_Material for the task_
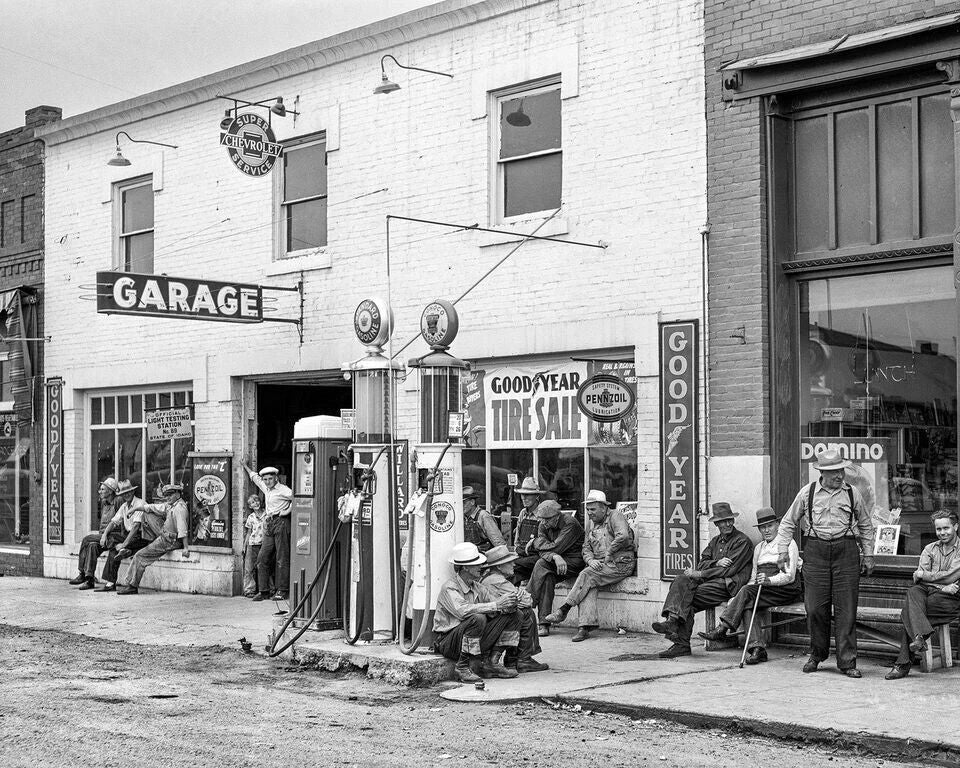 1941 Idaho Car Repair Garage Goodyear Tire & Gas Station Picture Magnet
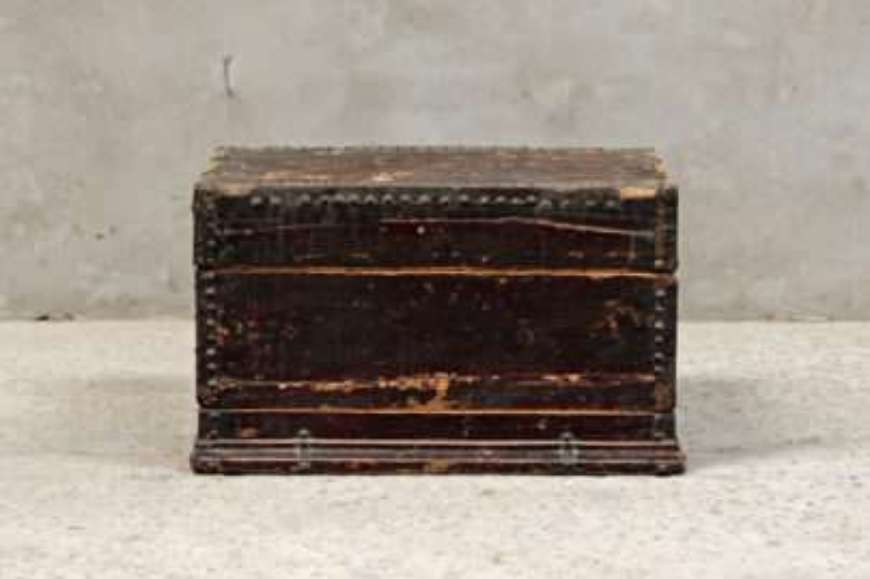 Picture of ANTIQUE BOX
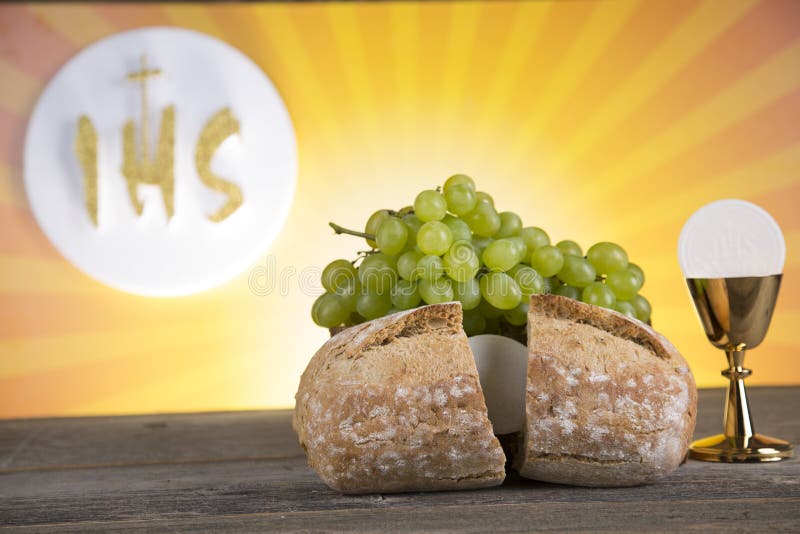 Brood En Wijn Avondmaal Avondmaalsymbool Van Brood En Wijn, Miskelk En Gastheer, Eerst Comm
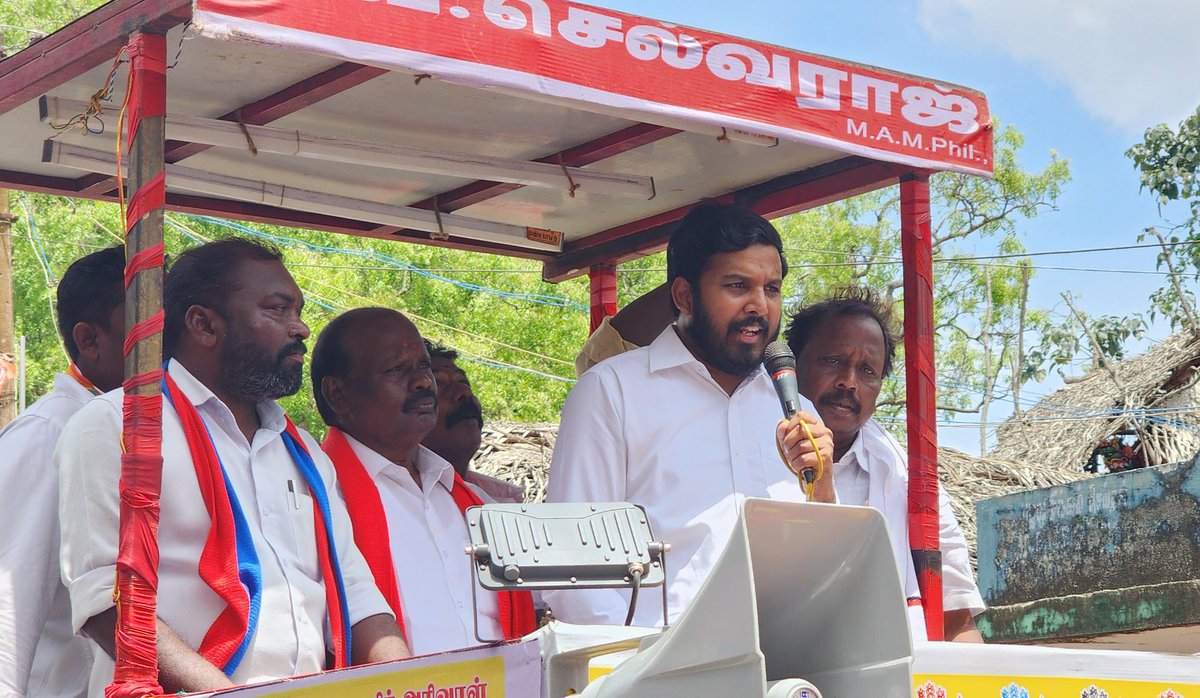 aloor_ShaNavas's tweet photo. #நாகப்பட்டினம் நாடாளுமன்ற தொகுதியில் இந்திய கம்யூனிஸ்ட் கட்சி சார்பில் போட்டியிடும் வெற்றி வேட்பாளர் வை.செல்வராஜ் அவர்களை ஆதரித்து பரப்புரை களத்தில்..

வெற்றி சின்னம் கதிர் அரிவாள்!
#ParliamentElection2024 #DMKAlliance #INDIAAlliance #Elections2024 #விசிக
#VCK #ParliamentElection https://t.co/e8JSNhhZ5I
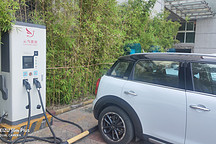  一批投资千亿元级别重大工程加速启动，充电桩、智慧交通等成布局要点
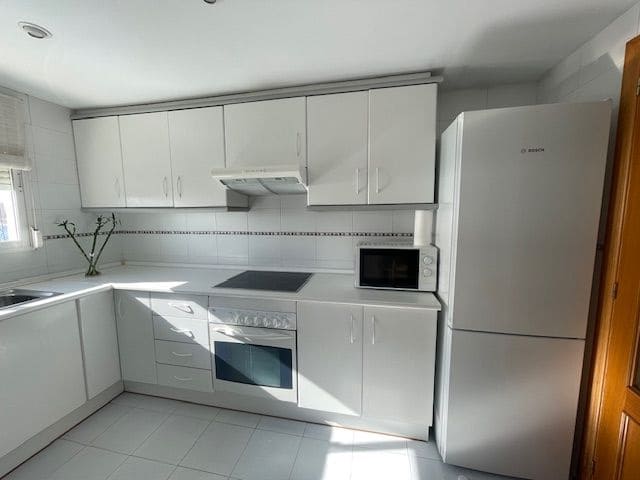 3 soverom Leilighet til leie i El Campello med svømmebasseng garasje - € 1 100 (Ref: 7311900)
* * *
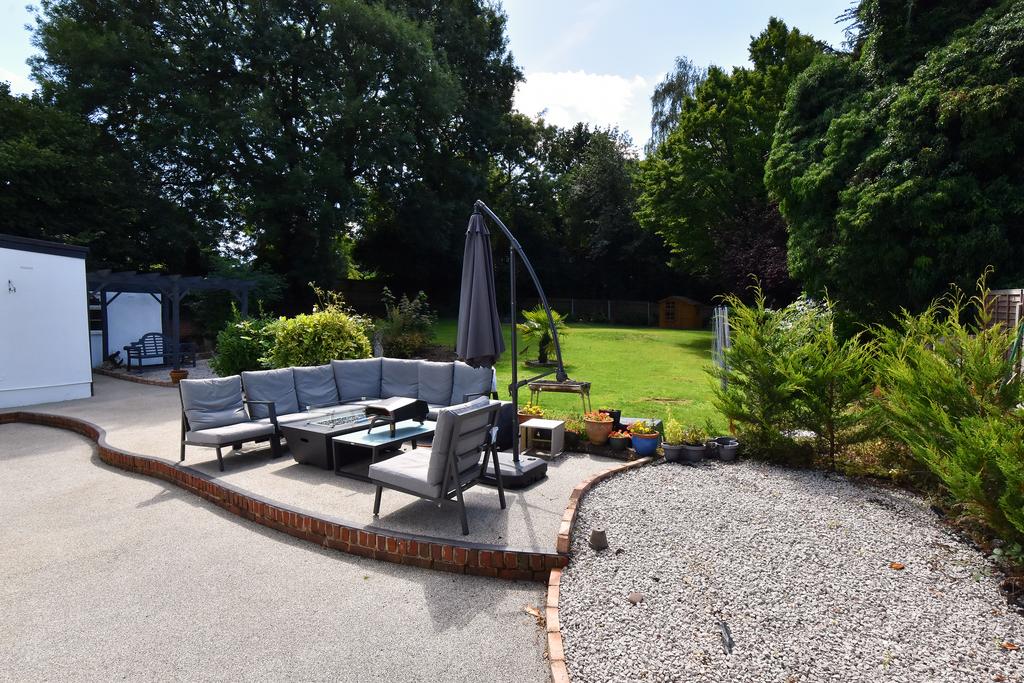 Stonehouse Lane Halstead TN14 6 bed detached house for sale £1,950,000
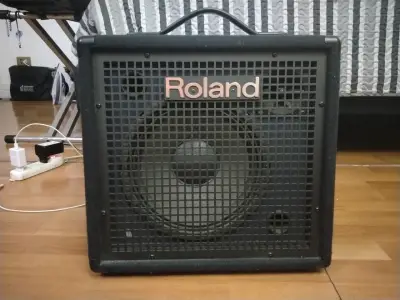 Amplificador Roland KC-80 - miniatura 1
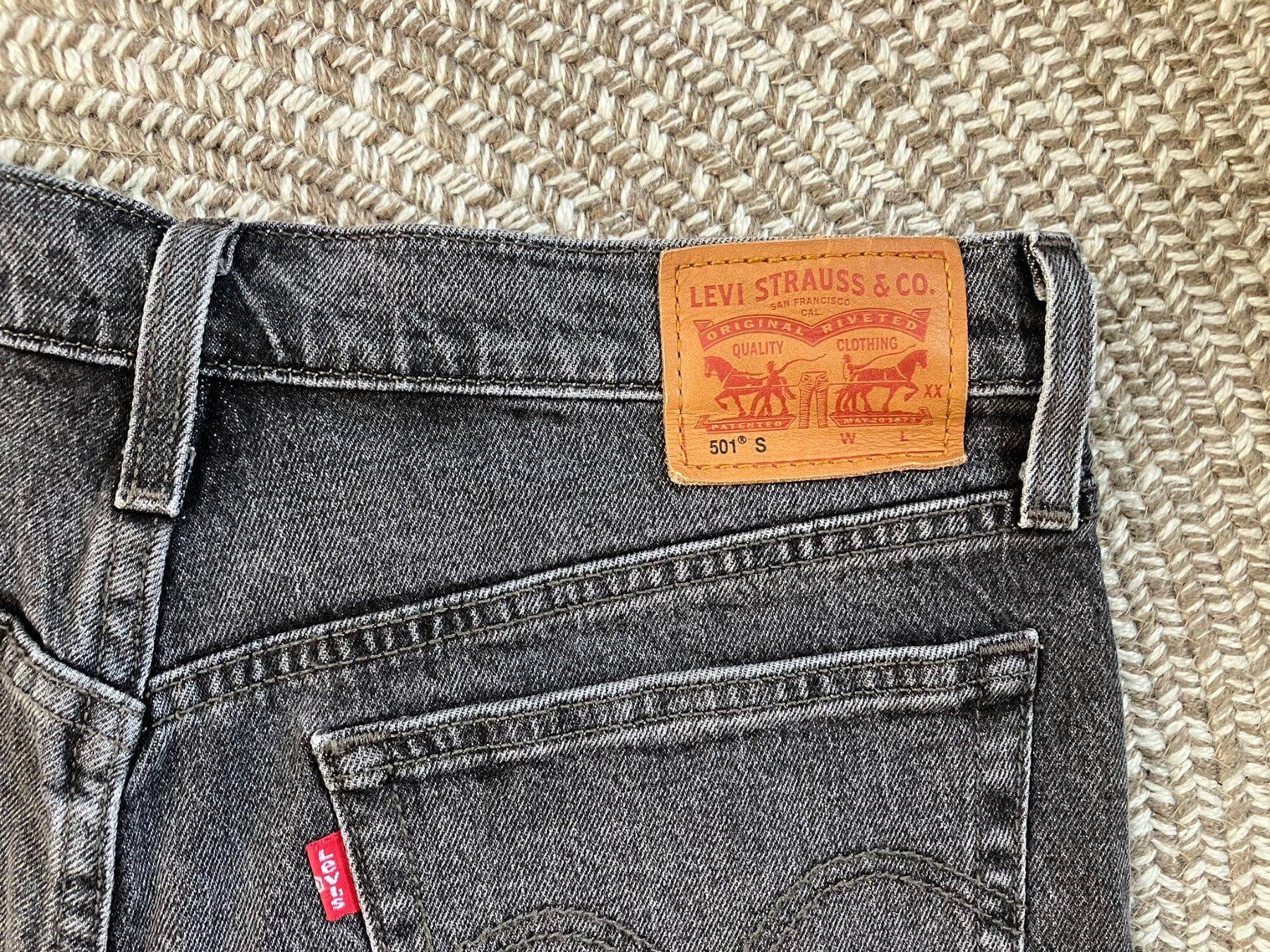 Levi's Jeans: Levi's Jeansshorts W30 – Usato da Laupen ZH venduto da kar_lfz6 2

_Aim of the exercise_
Leaving out each picture, repeat exactly the lines above from the one that contains "Picture of ANTIQUE BOX" through the one that contains "aloor_ShaNavas's tweet photo.".

_Your solution_
 Picture of ANTIQUE BOX
 Brood En Wijn Avondmaal Avondmaalsymbool Van Brood En Wijn, Miskelk En Gastheer, Eerst Comm
 aloor_ShaNavas's tweet photo. #நாகப்பட்டினம் நாடாளுமன்ற தொகுதியில் இந்திய கம்யூனிஸ்ட் கட்சி சார்பில் போட்டியிடும் வெற்றி வேட்பாளர் வை.செல்வராஜ் அவர்களை ஆதரித்து பரப்புரை களத்தில்..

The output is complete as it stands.